Give again, word for word, every line in the entries below from the line with "Cushion Sunburst Halo Lab Grown Diamond Ring - Image" up to and including the line with "Black Carved Symmetrical", and no other line.

PROVIDED DATA:
*** Block opens ***

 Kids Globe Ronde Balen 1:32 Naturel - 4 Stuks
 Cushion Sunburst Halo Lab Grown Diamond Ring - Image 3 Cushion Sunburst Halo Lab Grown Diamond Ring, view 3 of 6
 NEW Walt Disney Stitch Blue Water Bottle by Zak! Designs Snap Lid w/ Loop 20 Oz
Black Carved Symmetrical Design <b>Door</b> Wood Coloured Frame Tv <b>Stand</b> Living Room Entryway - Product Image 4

*** Block closes ***
*** Block opens ***

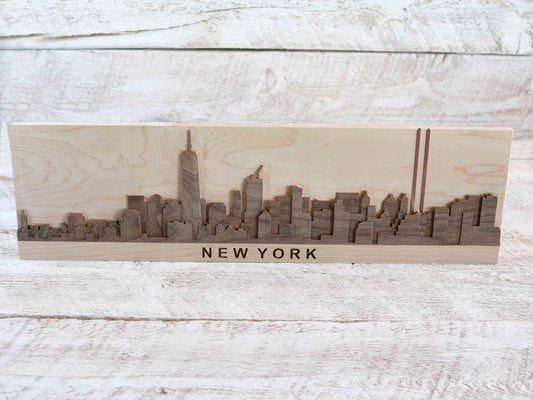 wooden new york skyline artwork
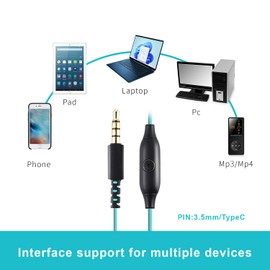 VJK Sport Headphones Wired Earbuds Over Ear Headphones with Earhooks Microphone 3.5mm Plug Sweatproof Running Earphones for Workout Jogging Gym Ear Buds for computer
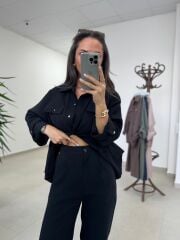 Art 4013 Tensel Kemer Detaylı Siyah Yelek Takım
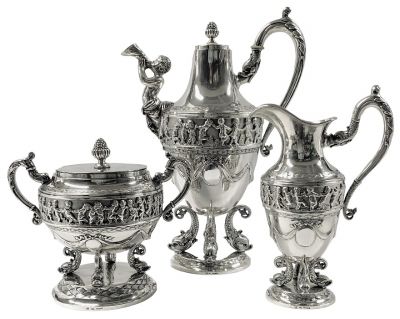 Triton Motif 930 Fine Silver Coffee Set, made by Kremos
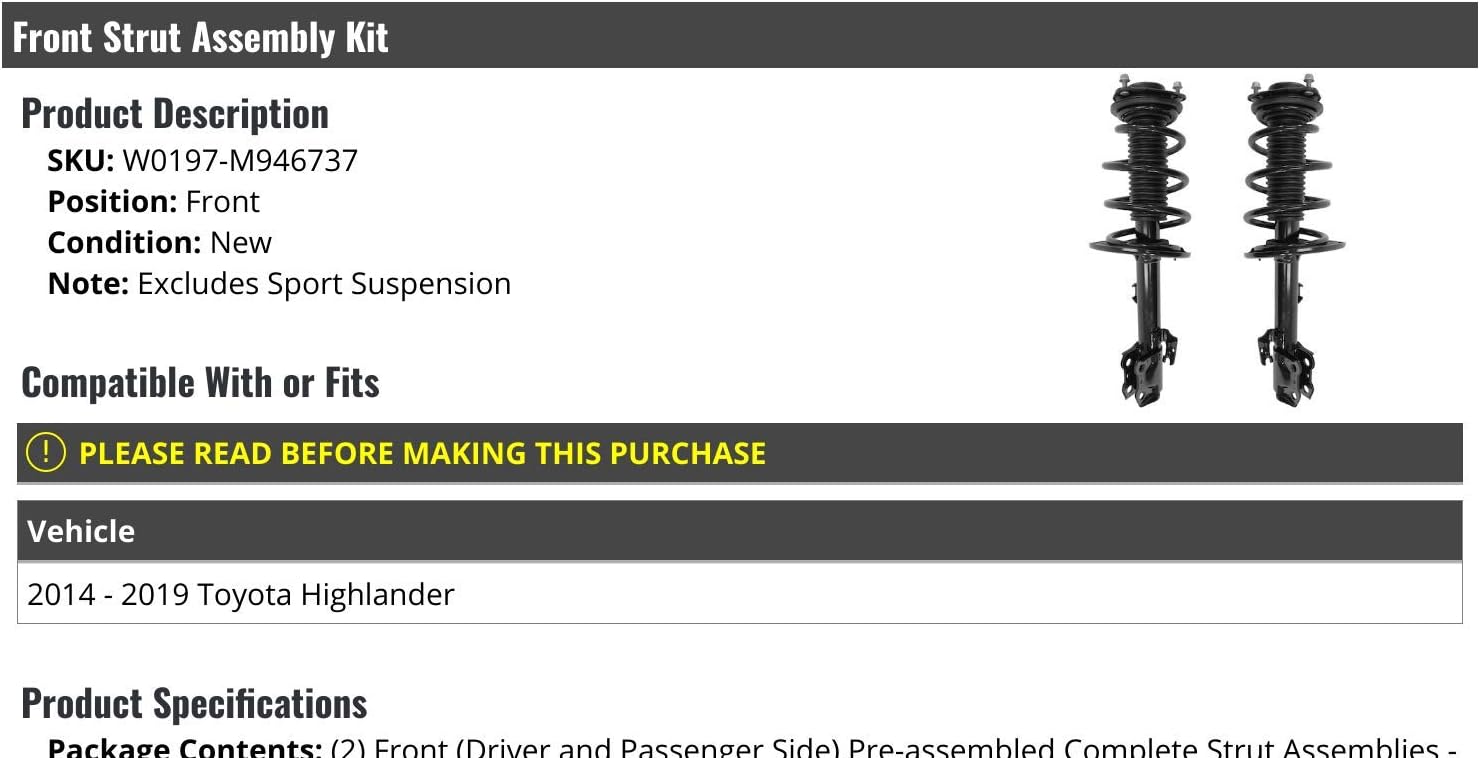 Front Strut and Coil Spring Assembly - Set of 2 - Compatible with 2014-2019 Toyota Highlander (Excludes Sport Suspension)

*** Block closes ***

ANSWER BOX:
 Cushion Sunburst Halo Lab Grown Diamond Ring - Image 3 Cushion Sunburst Halo Lab Grown Diamond Ring, view 3 of 6
 NEW Walt Disney Stitch Blue Water Bottle by Zak! Designs Snap Lid w/ Loop 20 Oz
Black Carved Symmetrical Design <b>Door</b> Wood Coloured Frame Tv <b>Stand</b> Living Room Entryway - Product Image 4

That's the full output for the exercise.